In March 2013, Director of National Intelligence James Clapper was asked if the NSA collects “any type of data at all” on American people. His response:

“No sir ... we don’t have the capability,” said Clapper while under oath to Congress.

But recently, Clapper admitted in a letter sent to Congress that the NSA roams through phone, email and text messages without a search warrant. The letter proves that Clapper (albeit unconvincingly) lied to Congress and the American people.

In light of his admission, some believe that Clapper should not only be fired, but criminally prosecuted. After all, it wasn’t too long ago that Major League Baseball players were being criminally prosecuted for lying about using illegal performance-enhancing drugs.

Of course, the driving force to this admission was likely the confidential NSA documents leaked by Edward Snowden last summer. It’s unlikely that Mr. Clapper’s guilty conscience moved him to come clean.

By now, most of us know that Internet privacy is a thing of the past, if it even existed in the first place. The NSA justifies its surveillance practices by saying that it helps them catch terrorists before they have the opportunity to strike.

In the aftermath of 9/11, the Patriot Act granted government permission to essentially spy on suspected terrorists. But the NSA has not only kept a watchful eye on “suspected” terrorists, they’ve also monitored the digital behavior of anyone who knows someone that knows someone who knows someone that might be a terrorist.

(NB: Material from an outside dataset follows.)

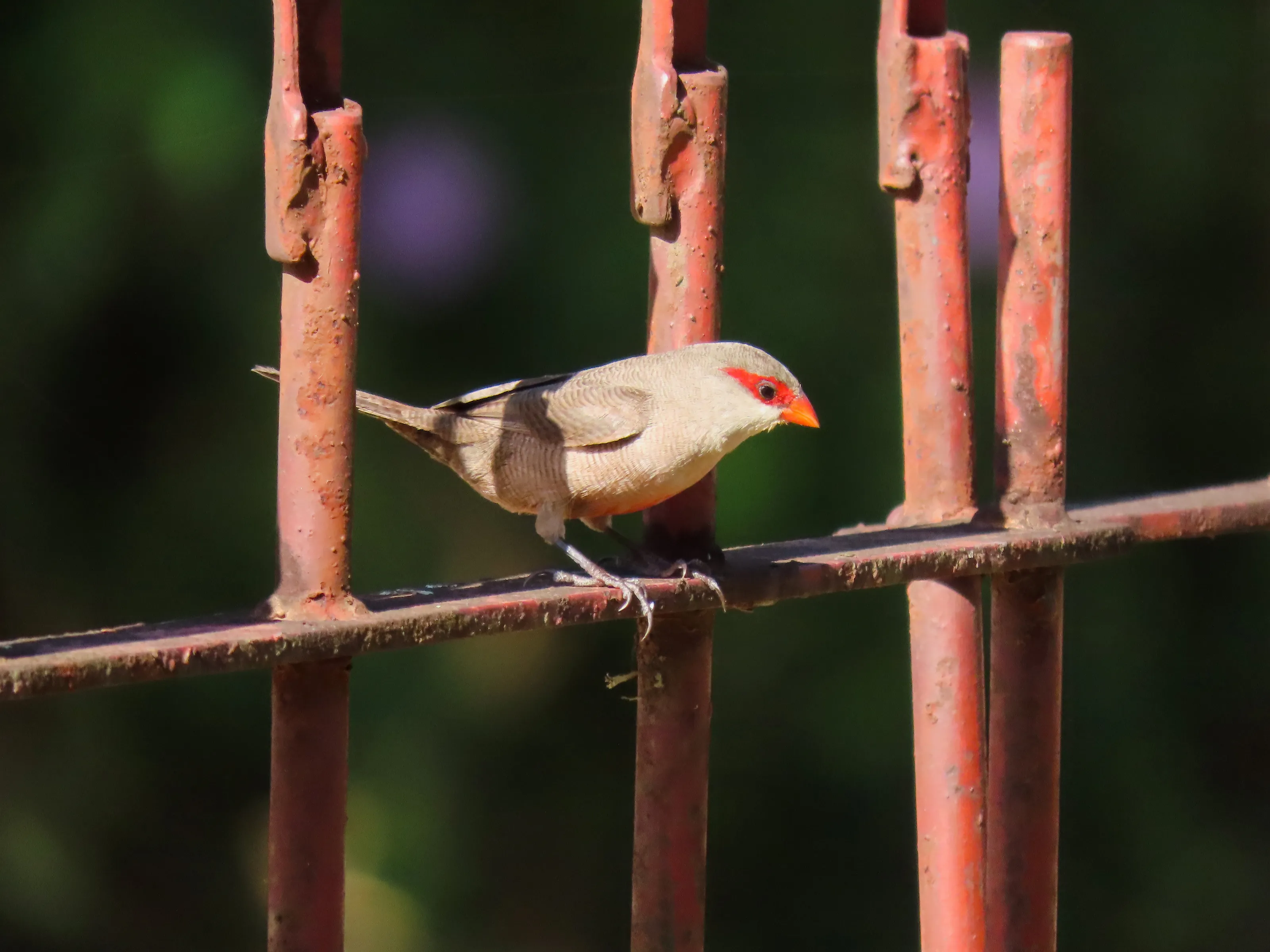 Bico-de-lacre/Common Waxbill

If you’re an avid LinkedIn user, a simple way to think of it is that if you’re a third degree connection with a suspected terrorist, you’re being tracked.

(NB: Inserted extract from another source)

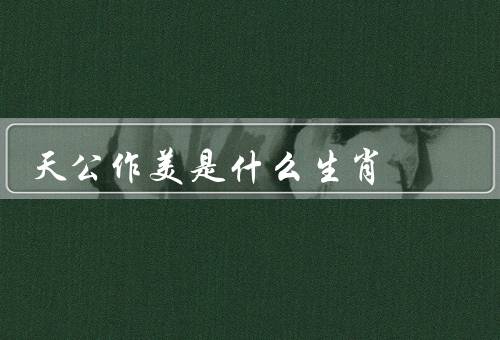 天公作美是什么生肖（天公作美／生肖属猪／喜好自然）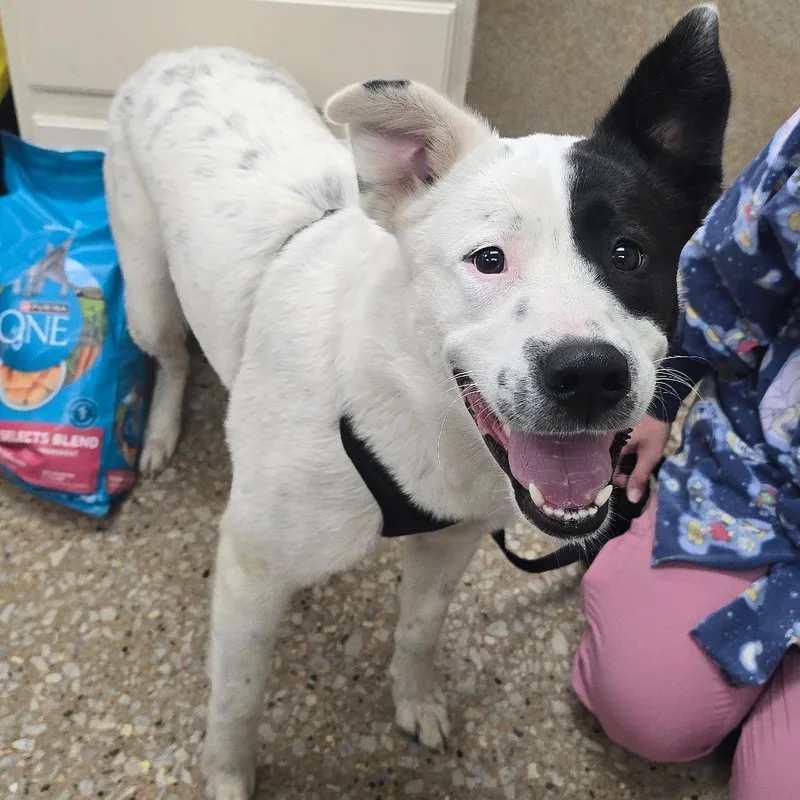 A young medium-sized male White / Cream Great Pyrenees dog named Spot for adoption in Milan, IL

However, Snowden claimed in his German TV interview that this type of surveillance has never stopped any terrorist plots and the NSA’s surveillance programs are not only intrusive, but expensive. The NSA on the other hand, initially claimed to have “thwarted 54 terrorist attacks,” but that turned out to be a gross exaggeration if not another lie.

Furthermore, Snowden revealed seeing Clapper lie under oath to Congress was the breaking point that led him to leak the documents.

People can debate whether or not the NSA’s surveillance tactics are necessary to keep people safe. But no one can question that Clapper lied to Congress and the entire world. One of the many dilemmas we’re left with is whether Clapper should be prosecuted.

To date, the Department of Justice hasn’t even initiated an investigation, so it seems unlikely that criminal charges are forthcoming. Rather than five years in prison per count of perjury, it looks like public humiliation will be the only repercussions that Clapper will face.